Palette APIs

Spectro Cloud Palette platform capabilities are exposed via REST APIs, providing a subset of features that comply with open application programming interface (API) standards.

APIs and External Resources

Palette interacts with external-facing utility tools such as Terraform to provision, change, and manage your environment automatically and efficiently.


Every API's URI has the prefix of the version and the Palette resource, such as: v1/spectroclusters/...


Palette supports two types of user authentication methods:

Using Authorization Token

  • All requests must be authenticated with an API token that are passed using the HTTP request header Authorization.
  • Activated users can use the /auth/authenticate API to authenticate and obtain the Authorization token.
  • Every authorization token is valid for 15 min.
  • To refresh the token use this GET call: GET /v1/auth/refresh/{token}

Using the API Key

Palette enables secure authentication and authorization for API with the help of API Keys. This is the method of accessing the API without referring to the actual user credentials. The API key will be part of individual API requests to identify and authorize the request. This is a relatively more straight forward method of authentication. The API Key is passed using HTTP request header in the following format:

  • Key: ApiKey
  • Value: API key copied from the Palette Console. E.g. QMOI1ZVKVIoW6LM6uXqSWFPsjmt0juvl



All requests are in the JSON format. In general, the request payload has three sections: metadata, spec and status.

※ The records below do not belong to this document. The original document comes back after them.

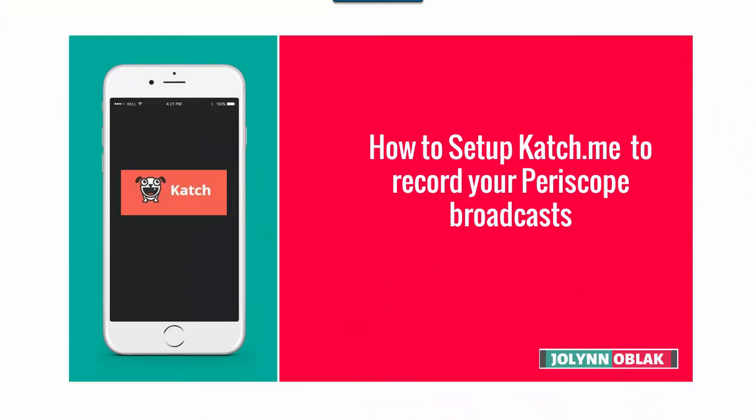Hey everybody, it's JoLynn Oblak here. I just wanted to do a quick video to show you how to set up your Katch.me account which, if done correctly, will record, store, and give you a lot of other cool features for your Periscope broadcast. Now you don't have to worry about the 24-hour rule that Periscope has in terms of deleting your replays.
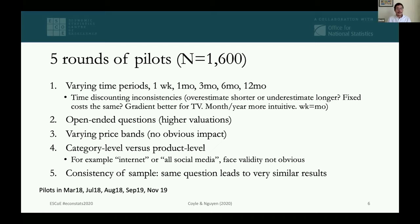Open-ended questions tended to produce very high valuations, so we didn't find them very useful. We varied price bands and checked for anchoring effects when providing very high bands. We also checked category versus product-level questions — for example, asking about 'the internet' or 'all social media' produced very high valuations approaching annual income, and face validity is questionable. We ran pilots over two years and found that similar questions led to similar valuations, giving us confidence the questions in principle make sense.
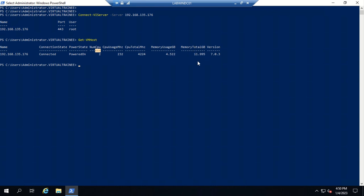You can also see the total memory size — this host has 1GB allocated — and the ESXi host version is 7.0.3. The next command checks how many virtual machines are running on this ESXi host.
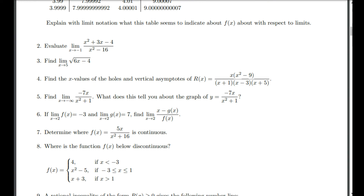Let's look at another problem. The test has 15 questions and you have two hours to do it. Understanding how to fill out that sign chart is going to be pretty darn important.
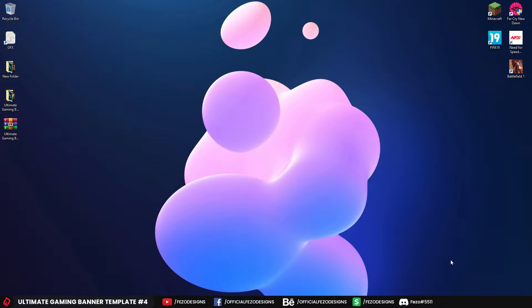What's up guys, Fezo here, welcome back to a Fezo video. In this video I'm going to give you guys my Ultimate Gaming Banner template — it's the fourth one. You can check the others on my Sellfy store or on my YouTube channel, or just go to the link in the description below to get the other Ultimate Gaming Banner templates. This is also the tutorial for how to edit the template and save it.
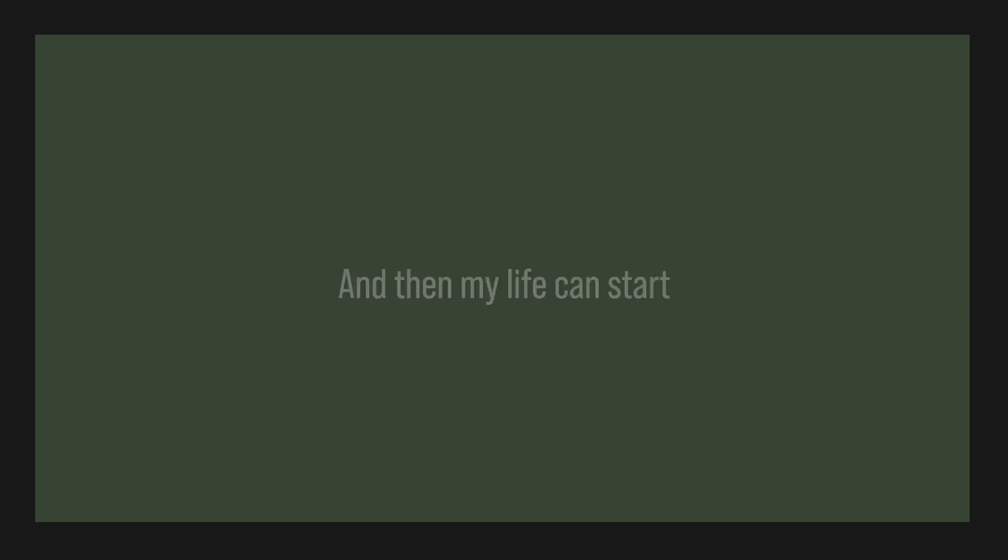Then my life can't stop. You mend my broken heart. And then my life can't stop.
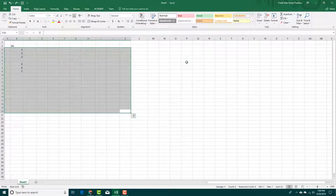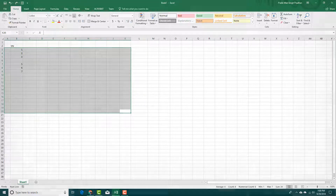That is how you can use the undo and redo feature inside Microsoft Excel. Hope you guys learned something, and as always, please like, comment, share, and subscribe.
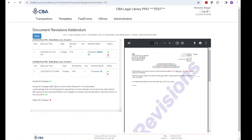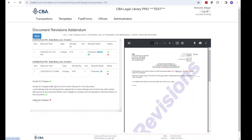You can approve the changes by clicking on the green check mark or reject by clicking on the red X. You can accept or reject all changes at the bottom, and if you want to opt out of receiving further notices about changes to this document, you can click Accept All and opt out.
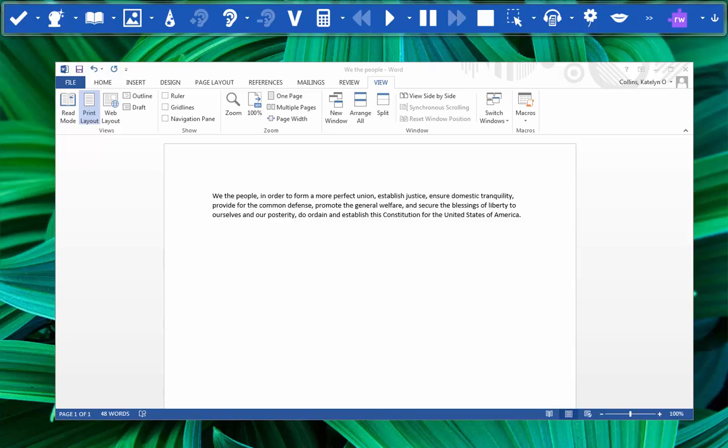Hi! In this video I'm going to show you how to use the verb checker tool. The verb checker icon is this V. It can help make sure that the verbs used in your writing are in the proper tense.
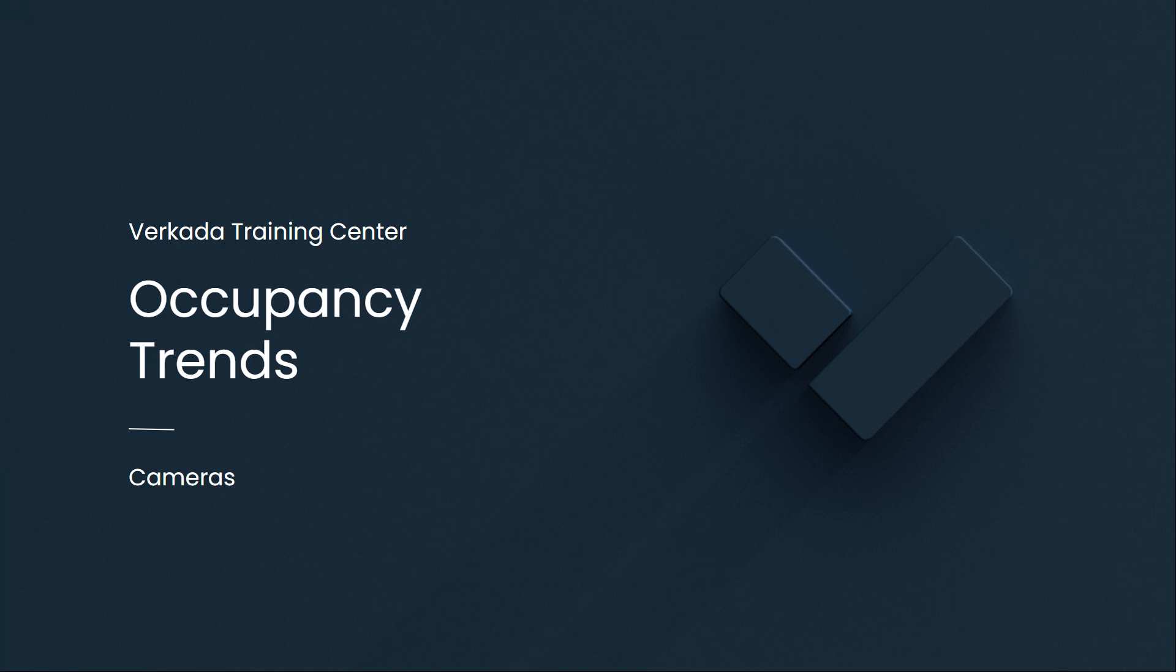Hello, my name is Jorge. I'm a solutions engineer at Verkada, and this video will cover occupancy trends.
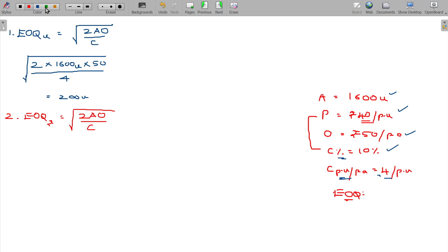There is one key difference in the formula for EOQ in rupees. Here, A represents the annual requirement in terms of rupees, and C represents carrying cost as a percentage. So when you apply the formula root of 2AO by C, you will directly get the EOQ in rupees.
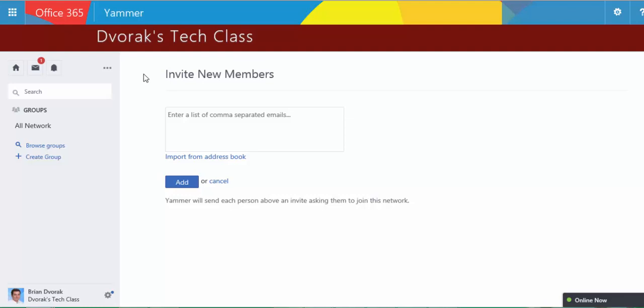They'll go there. They'll be asked to sign in. They will sign in using their district's email address and password.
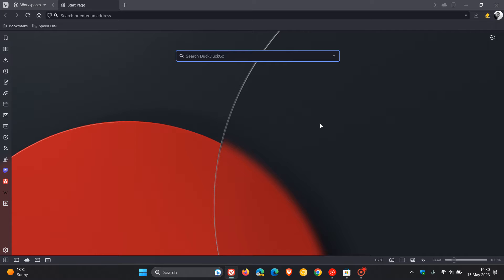In a recent tweet, Vivaldi announced, and I'm quoting, that we've seen the requests and now the Vivaldi browser is available on the Microsoft Store.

  • Metadata consists of common attributes for all the resources such as ids, names, creation timestamps etc.
  • Spec consists of attributes that define the resource
  • Status contains the status information of the resource. The API does not support creating or modifying the status section.
Certain update request schema have restricted spec resource definition and certain fields like uid, creation timestamp are not allowed to be modified post creation.
HTTP MethodDocumentation
POSTTo create a resource or a sub-resource.
PUTTo update the resource or a sub-resource. The PUT request will overwrite the existing resource data.
PATCHTo add, modify, remove a specific attribute or sub-resource within a resource.
DELETETo delete the resource.

Response Codes

The API returns standard HTTP response codes:

HTTP CodeDescription
200For a successful response. The response payload will vary depending upon the API. Refer the respective API response schema.
201For a successful resource creation. The response payload contains the uid of the created resource.
204Response without any content for a successful operation. These operations include update, delete and the other actions on the resource.
400Bad request. The request does not adhere to the API request payload schema.
401Missing authorization token or invalid authorization token.
403The API operation is forbidden for the user.
404The resource or the dependent resource is not found for the operation.
500Operational error. For 500 error code, the server responds with an explicit error code and an error message.

Palette API Lifecycle

Palette API will remain backward compatible indefinitely until deprecation. To keep up with the API lifecycle, we expose the state or phase the API is in—Production, Sunsetting or Deprecated.


While in the Production stage, the Palette and Terraform APIs will work as intended and expected.


As the API moves toward retirement, whether being replaced or no longer being supported, a notice is included in the documentation with the intent and a cut-off date. A notice is shared within three months to the date of deprecation as a countdown till the end date along with the recommendation of what API to use instead.


When an API is no longer supported nor recommended to use, we indicate its state and include a tag as deprecated. The API documentation will continue to be available as a subsection of deprecated APIs.

Note: This API lifecycle also applies to external-facing tools such as Terraform and will be managed, accordingly.


The version information is part of the API URI like v1alpha1, v1. Future APIs will increment the version, leaving the earlier version API intact. The existing API request and response schema will undergo changes like adding new attributes or query parameters with backward compatibility of earlier schema. While advancing to the next version, ample notice to migrate to the new API will be provided.


Palette supports applications to operate under Tenant and Project scope. The resources can be logically grouped as projects and the API requests. These resources within a project should carry the ProjectUid in the context. The project scope can be specified in the API request as an HTTP header with the key as ProjectUid and value as the <Project Uid> The ProjectUid needs to be specified for a request to be applied under the project scope.


While creating a cloud account under a specific project, the request should have the ProjectUid in the http header. If the request is submitted without the ProjectUid by default, it will be considered a Tenant Scope request.


The resources list APIs are limited to 50 items and pagination has to be performed to retrieve the complete resources list. The list API response contains listMeta with the continue token. The pagination can be performed based on the presence of the continue token value, and the subsequent request can be performed with the continue token as query parameter to paginate the rest of the resource items.